> **WHAT YOU WILL DO**: Leave every picture out and return the rest of the listing verbatim.

> **PROVIDED DATA**:
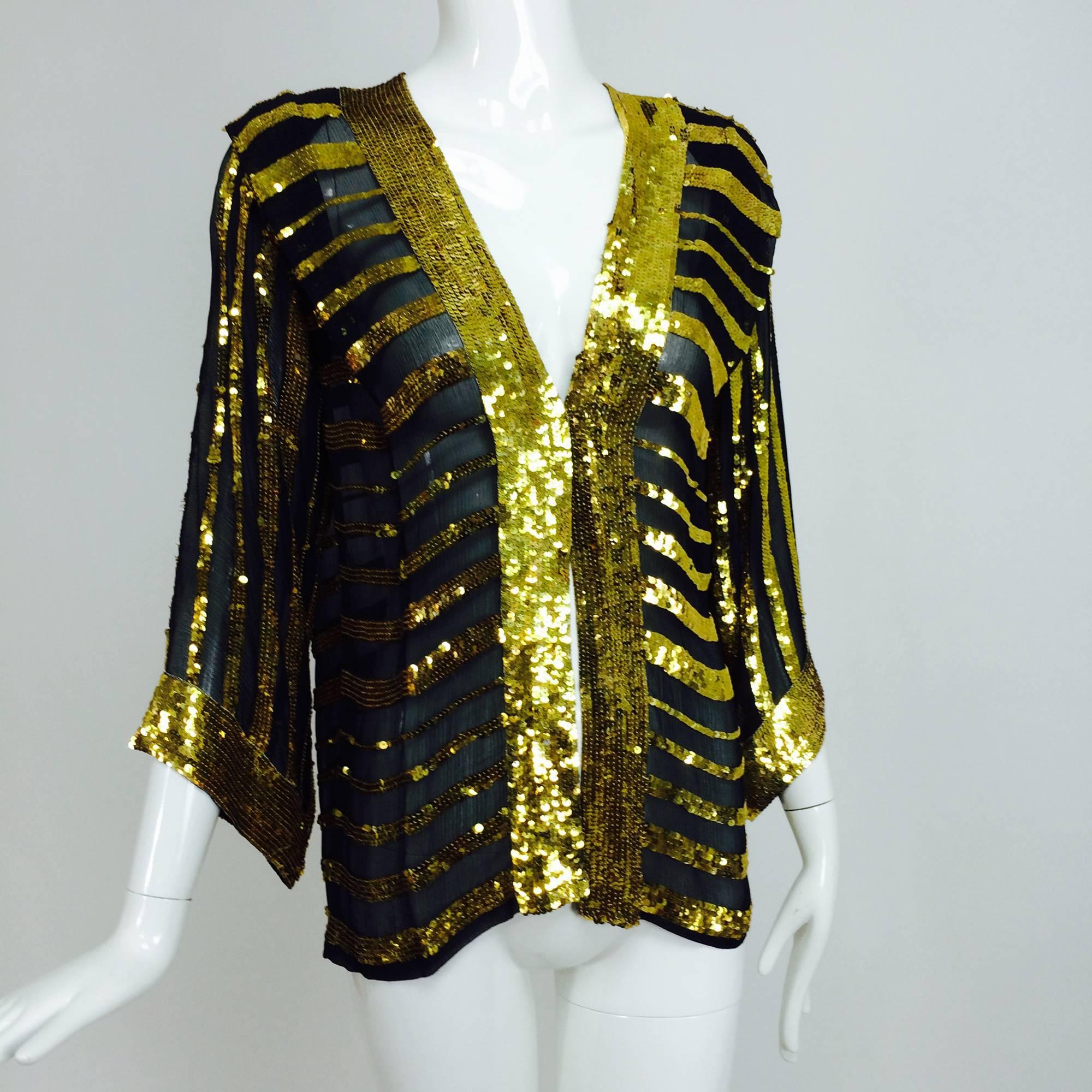 Vintage Sweelo black silk and gold sequin kimono style jacket 1970s unworn 4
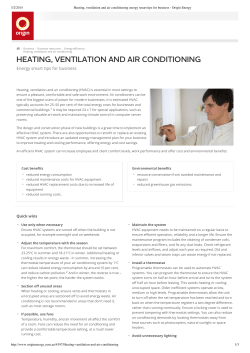 HEATING, VENTILATION AND AIR CONDITIONING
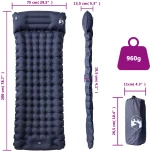 vidaXL Στρώμα Κάμπινγκ Αυτοφούσκωτο Μονό με Μαξιλάρι Γκρι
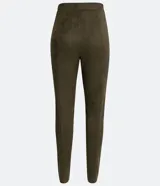 Pantalón legging de tiro alto color verde oliva, confeccionado en material sintético con recortes verticales y cierre lateral con cremallera.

> **YOUR RESPONSE**:
 Vintage Sweelo black silk and gold sequin kimono style jacket 1970s unworn 4
 HEATING, VENTILATION AND AIR CONDITIONING
 vidaXL Στρώμα Κάμπινγκ Αυτοφούσκωτο Μονό με Μαξιλάρι Γκρι
 Pantalón legging de tiro alto color verde oliva, confeccionado en material sintético con recortes verticales y cierre lateral con cremallera.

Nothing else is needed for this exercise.